Competition Overdose: How Free Market Mythology Transformed Us from Citizen Kings to Market Servants
Maurice E. Stucke y Ariel Ezrachi
Harper Business, 2020

 

Si bien Stucke y Ezrachi son especialistas en leyes de competencia, sus soluciones no residen principalmente en este campo. Al contrario, defienden una mayor regulación directa de las prácticas comerciales inescrupulosas, junto con un Estado de bienestar robusto para proteger a los vulnerables. Desde esta perspectiva, la respuesta al uso excesivo de datos personales pasaría por una regulación de la privacidad de los datos más fuerte y aplicada de manera más vigorosa.

Como el cumplimiento del antimonopolio apunta a la causa real del perjuicio social solo de manera indirecta, en el mejor de los casos solo ofrece una respuesta regulatoria temporal e inexacta. Así, Competition Overdose ofrece un contrapunto bienvenido a la narrativa cada vez más preeminente de que no importa cuál sea el problema, la ley de competencia siempre debe ofrecer una respuesta.

En términos más amplios, las autoridades de competencia a nivel mundial afrontan cuestiones difíciles sobre la mejor manera de adaptar las leyes a los desafíos de los mercados del siglo XXI, sobre todo en los dominados por los gigantes tecnológicos. El viejo consenso, que definía un ámbito jurídico cauteloso y estrechamente limitado, dominado por la economía neoclásica, ya no es viable, y la posición de consenso emergente no considera una opción seguir actuando como si aquí no pasase nada.

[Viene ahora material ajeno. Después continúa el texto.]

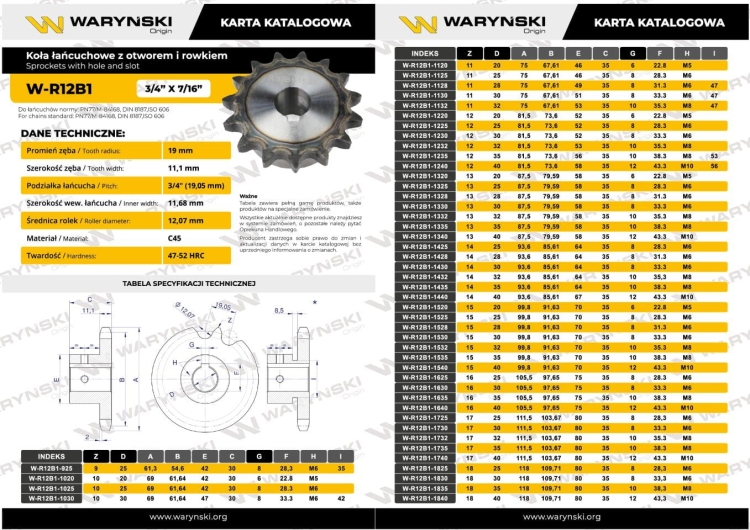 Koło łańcuchowe hartowane 12B1 (R1 3/4) Z-23 otwór 30mm Waryński 3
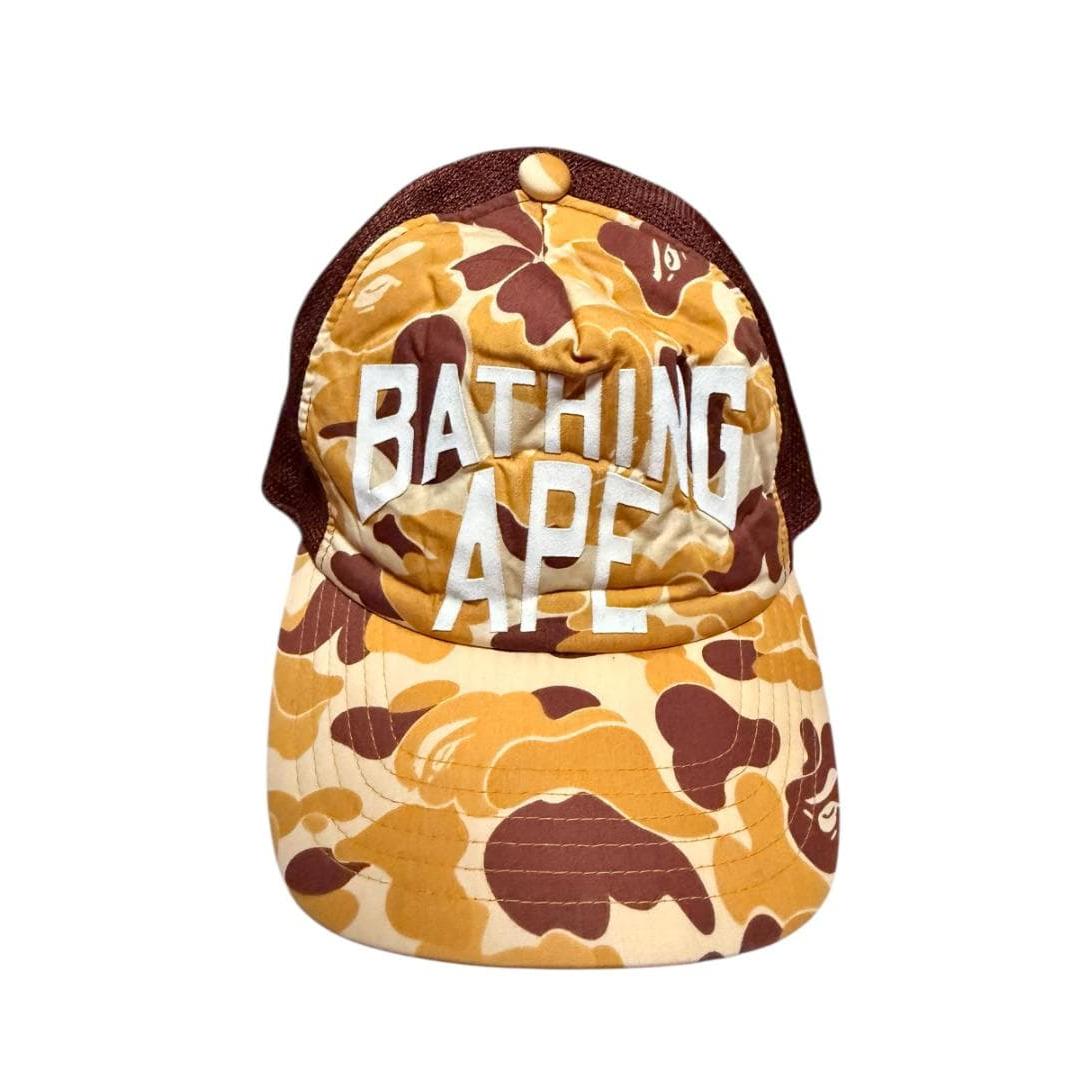 Used [Rare Early] Ape Trucker Cap Camouflage Made in Japan Mesh Cap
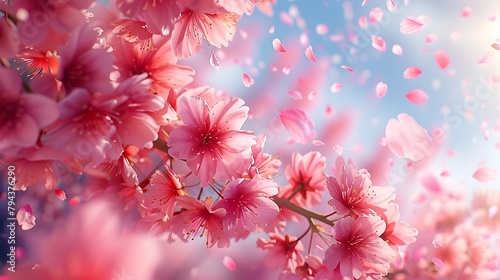 Delicate Pink Cherry Blossoms Swaying in the Breeze Ethereal Floral Landscape with Soft Petals Floating in the Air photo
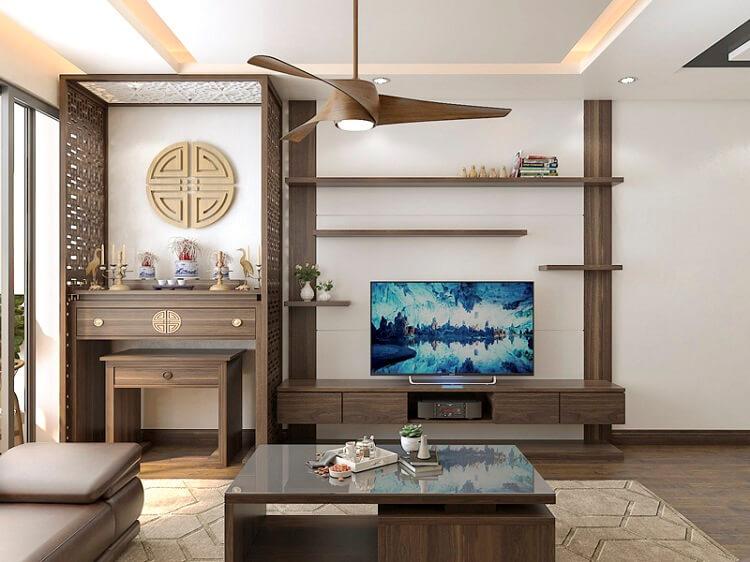 Mẫu vách ngăn phòng khách và phòng thờ đẹp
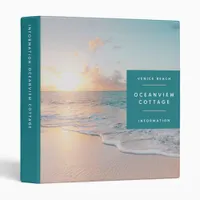 Teal Beach House Vacation Photo Guest Information  3 Ring Binder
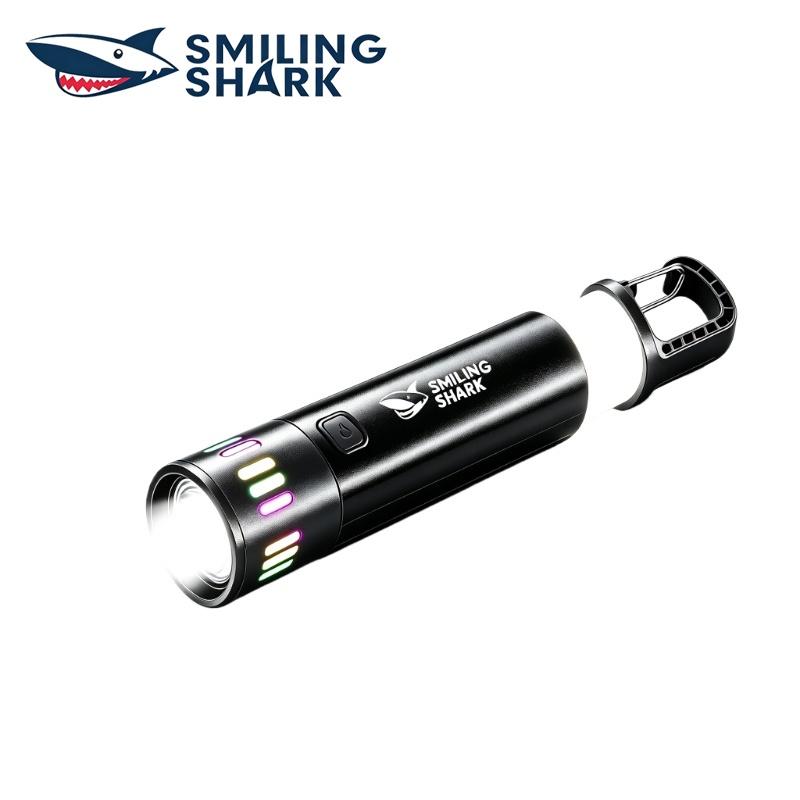 SMILING SHARK Светодиодный фонарь с зумом, высокая яркость, боковой заливающий свет, перезаряжаемый через USB‑C, водонепроницаемый фонарик SD‑1018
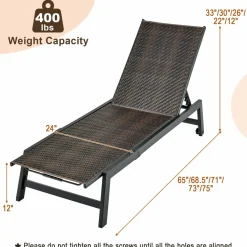 Tangkula Patio PE Rattan Chaise Lounge, Outdoor Recliner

Pero seguimos sin tener algo que remotamente se asemeje a la certidumbre anterior del estándar del bienestar del consumidor para guiar la aplicación de la ley. Por el contrario, tal vez solo tengamos que seguir adelante y abrazar un nuevo pensamiento económico a fin de diseñar teorías más realistas y efectivas sobre la responsabilidad de la competencia. O podríamos echarnos hacia atrás y despojar a las leyes de competencia de sus presuntos aportes de la economía y volver a abrazar su papel absoluto como una herramienta para atacar las acumulaciones de poder de mercado.

De una u otra manera, las leyes de competencia vuelven con estruendo. Sin embargo, probablemente pasará algún tiempo antes de que el polvo se asiente y se llegue a un acuerdo sobre los parámetros del “nuevo” consenso.